With the assistance of Dr. William Grant, a professor of wildlife and fisheries science for the Experiment Station, Halbert developed and used computer models to simulate the future for the herd under best-case and worst-case scenarios.
She used genetic and demographic information such as the natality (birth) rate and death rate based on data from the last several years in the model and examined the data year by year.
“The idea is to have an estimate, not a definite, of what would happen. In the future is the population going to be driven to extinction? Or is it likely to recover? Given the current problems with natality and mortality and the lack of variation at present, it’s most likely in the next 50 years the population is probably not going to survive,” she said.
One solution is to bring in new genetic diversity from an outside source.
“But in this herd, it’s not something you do lightly,” Derr said.
First of all, this herd, since it clearly originated in the Texas Panhandle, is probably the last genetic example of what was called the Southern Plains bison, said Danny Swepston of Canyon, Texas Parks and Wildlife Department wildlife district leader for the Panhandle. When the Transcontinental Railroad was built across the United States in the 1800s, the bison were split into what was known as the Northern and the Southern herds, with the latter made up of animals from Texas, eastern New Mexico, eastern Colorado, Kansas, Oklahoma and southern Nebraska. No other animals but those from Texas have been brought in.
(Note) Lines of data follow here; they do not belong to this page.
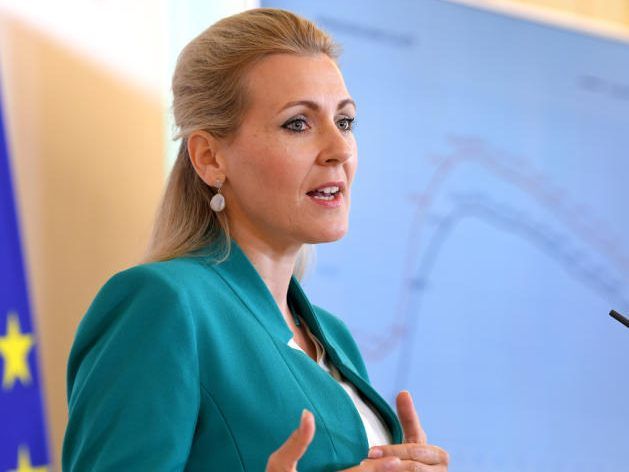 Arbeitsministerin Aschbacher
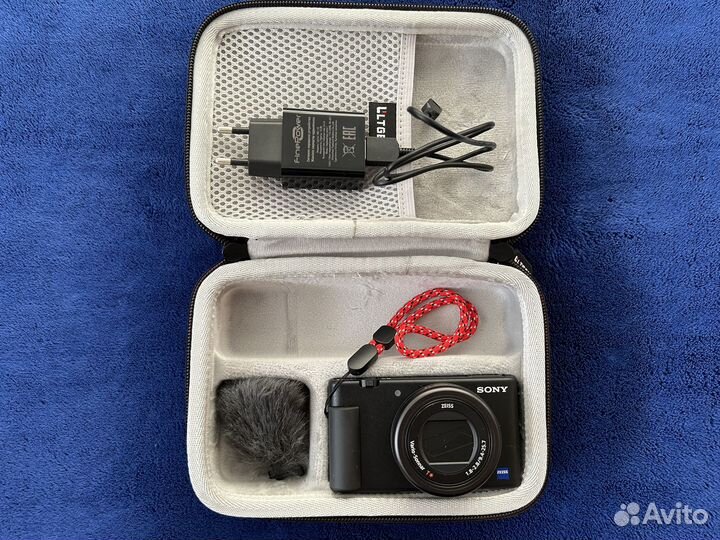 Камера Sony ZV-1 + кейс + карта памяти + ремешок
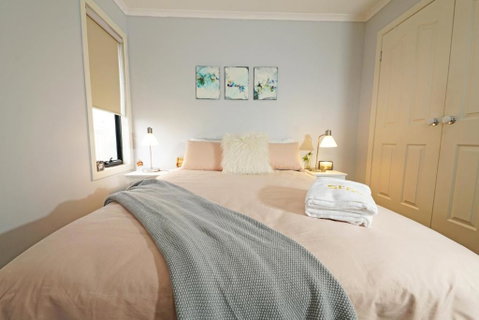 Fawkner Modern 3BR House Netflix WiFi Parking - Accommodation 4U 1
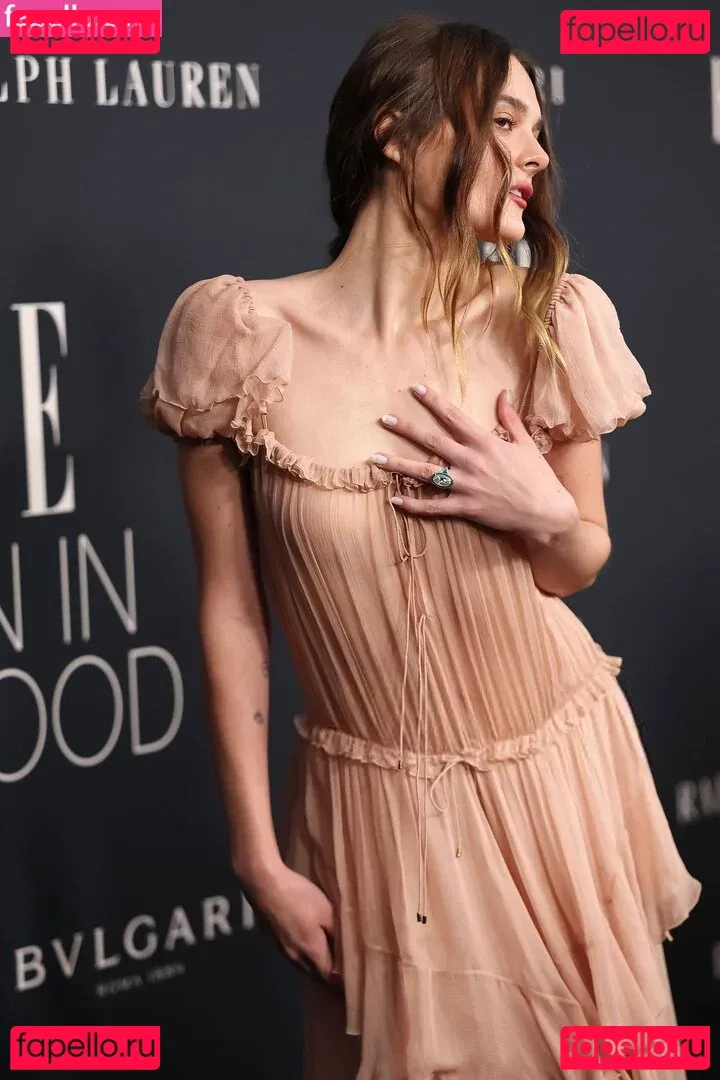 Charlotte Lawrence Onlyfans Photo Gallery 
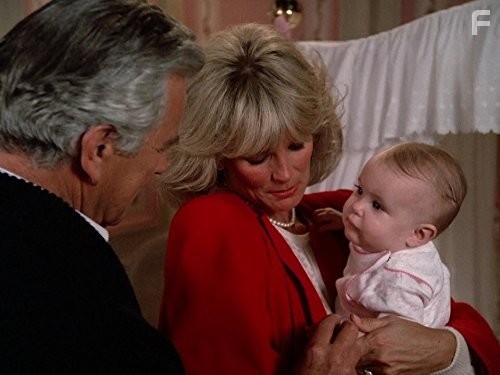 John Forsythe and Linda Evans in Династия (1981)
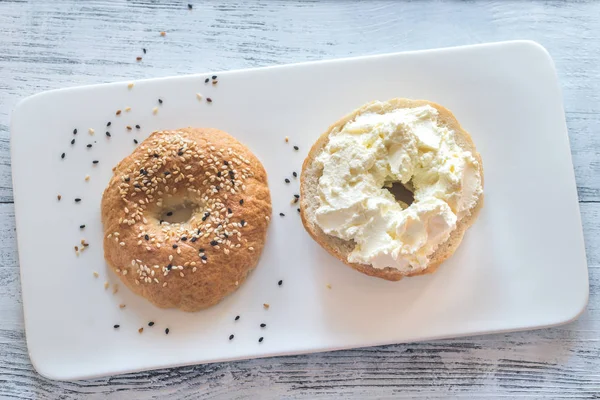 Bagel with cream cheese — Stock Photo, Image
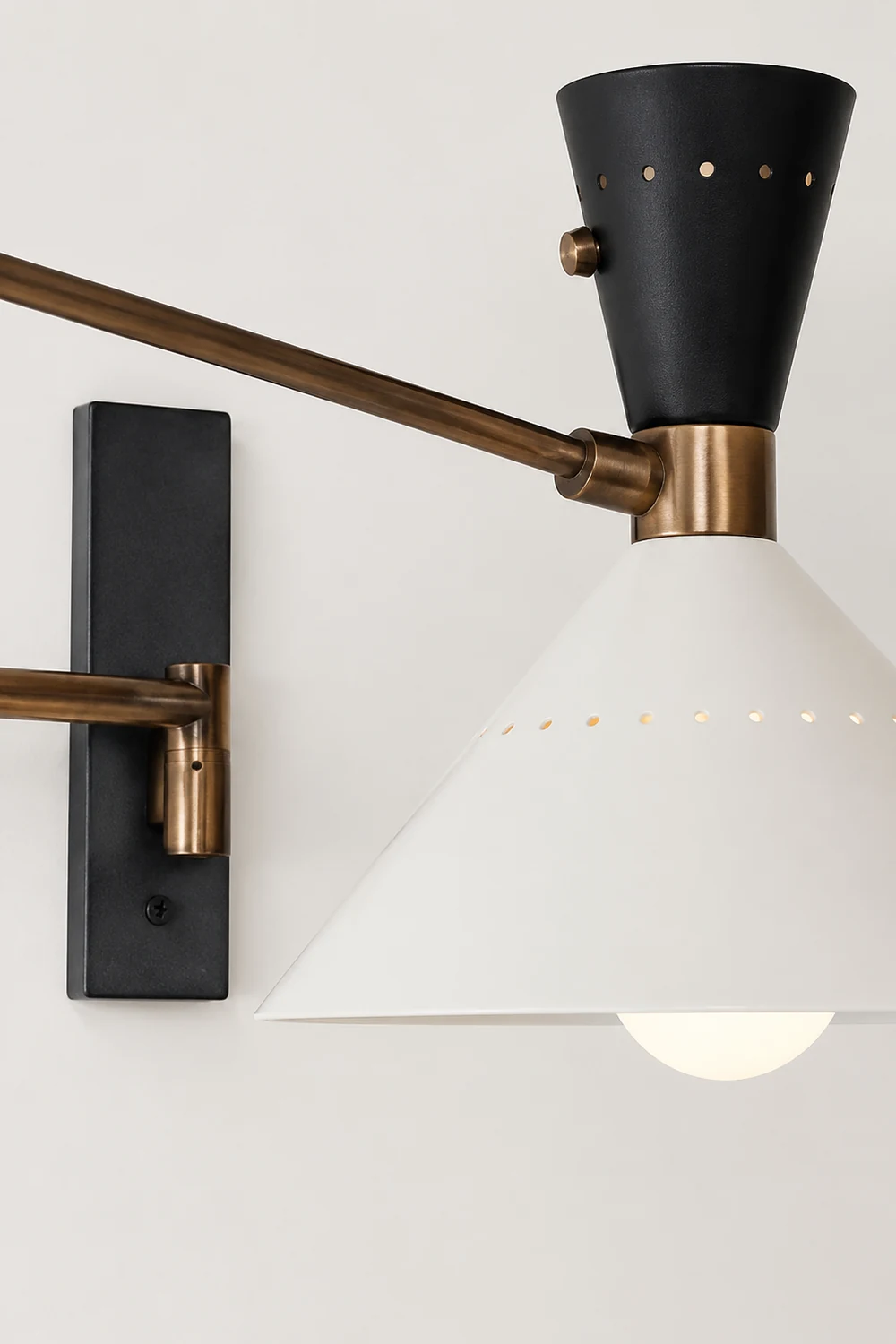 Modern Metal Cone Shade Wall Lamp - Lumpaz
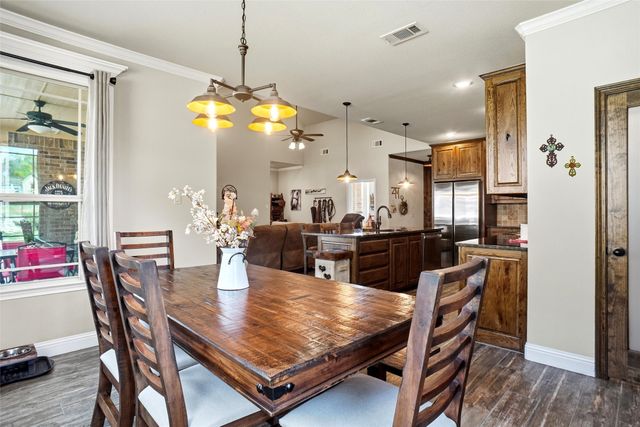 1024 Tex Lane, Springtown, TX 76082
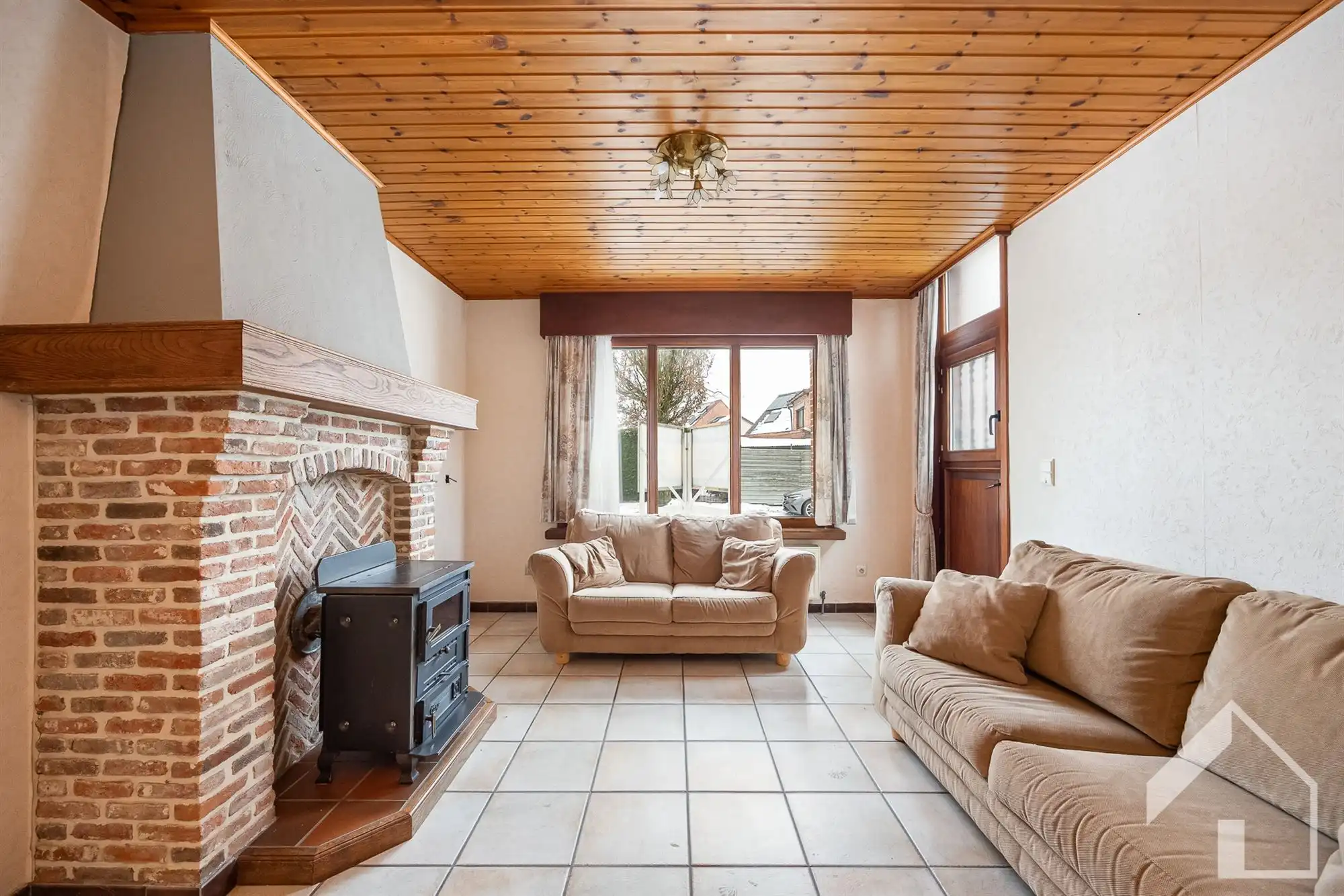 Op te frissen woning op top locatie! foto 3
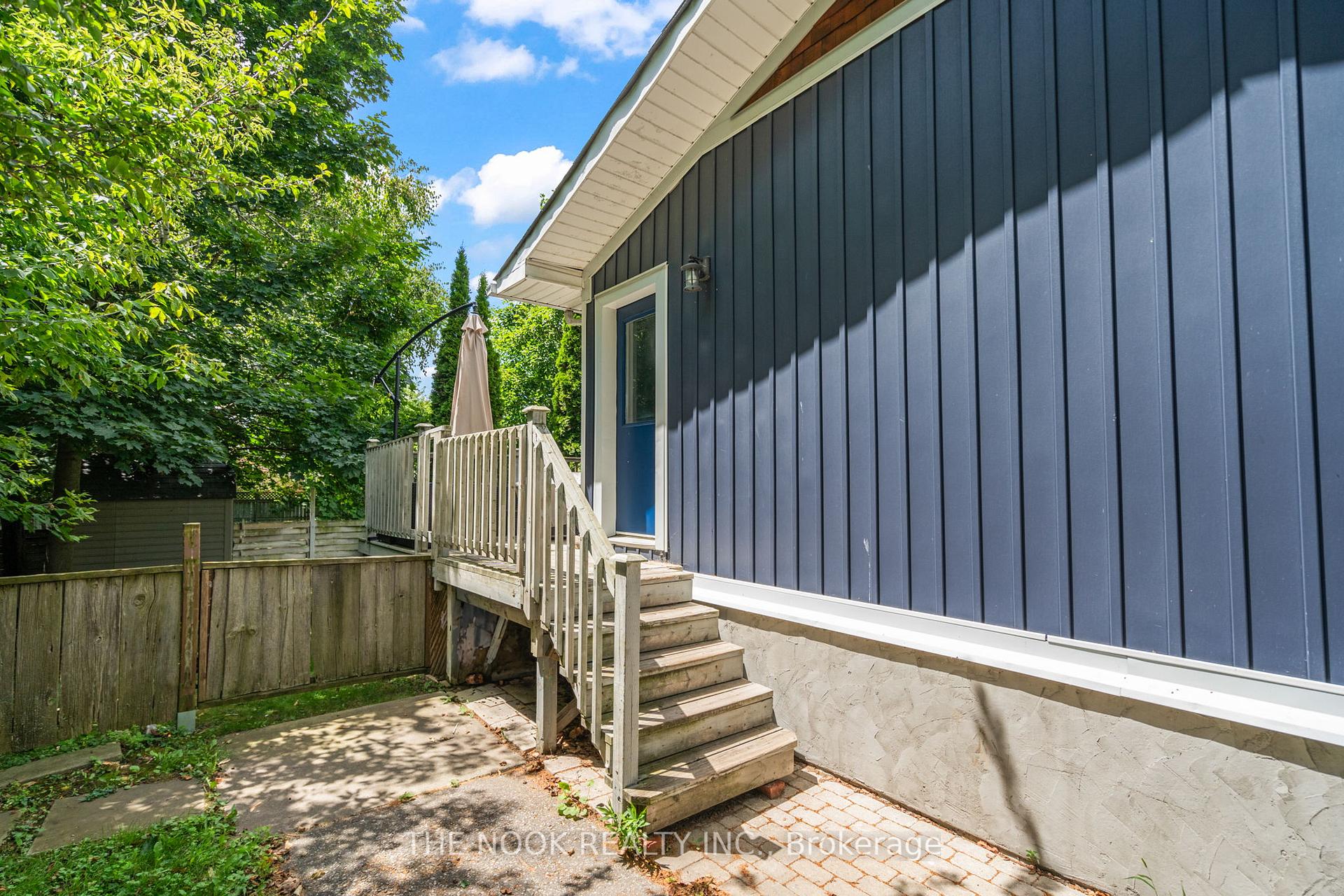 Photo 3 of 30 Lamb's Lane, Clarington, Bowmanville — HOMEH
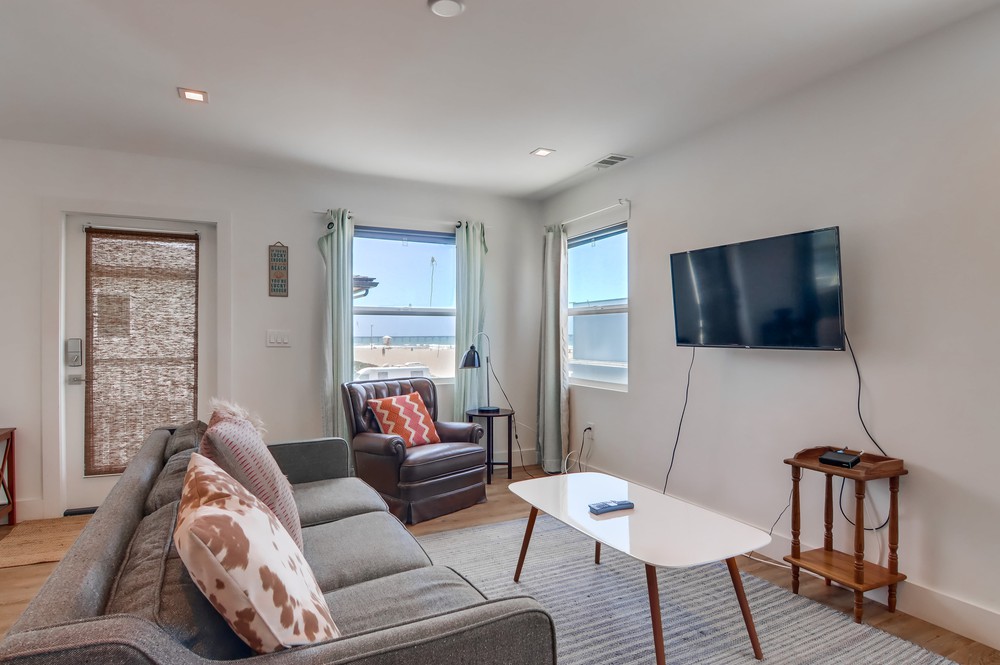 Virtual tour photo 25 of 43 for 5174 Brighton Ave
“What we didn’t want to do is bring animals in from outside,” he said.
Also, the historical link to Goodnight made researchers reluctant to tamper with the herd too much, he said. Even though Goodnight donated three bulls to Yellowstone National Park before his death, animals could not be brought back from there because that herd is infected with brucellosis, a contagious bacterial disease, he said.
“Our best option was to try and find a herd that that has a historical link to Texas bison, that did not have hybrids (of cattle and bison) or diseases that could be transmitted to this herd, and had a lot of genetic variation so that the animals we bring in can immediately bring in new genetics to help overcome inbreeding depression,” Derr added.
They found that with Turner’s herd. “We tested that herd a few years ago, and we didn’t find any evidence of cattle mitochondrial DNA,” a sure sign of cattle genetics in the herd.
So last year, Texas Parks and Wildlife representatives, along with Texas A&M researchers traveled to New Mexico and chose three 1½-year-old bison bulls.
“We picked the three handsomest, orneriest, teen-aged bulls that were in there,” Derr said, laughing.
The bulls arrived in January 2003 and have been placed in quarantine as a precaution against disease, Swepston said.
Texas Parks and Wildlife Department staff will keep them separated from rest of the animals until the cows are bred next summer. One or two of the young bulls will be put in with three or four cows, and samples of the DNA of the offspring will be collected.
Swepston said it will be a long-term project. “It will be probably be a few years before we know the results.”
This type of work is important, not only to bison but other wildlife as well, Derr said.
“The kind of genetic technology we’re using with North American bison …was first developed for humans, and secondly used on livestock species such as cattle,” he said.
Our hope is that when these studies are completed, they will form a model of the kinds of studies using genetic technology that can be used to preserve, conserve, and reconstruct many other wildlife species populations.”
Two scientific articles explaining the details of this study in the Journal of Mammalogy and in Ecological Modelling were published this month.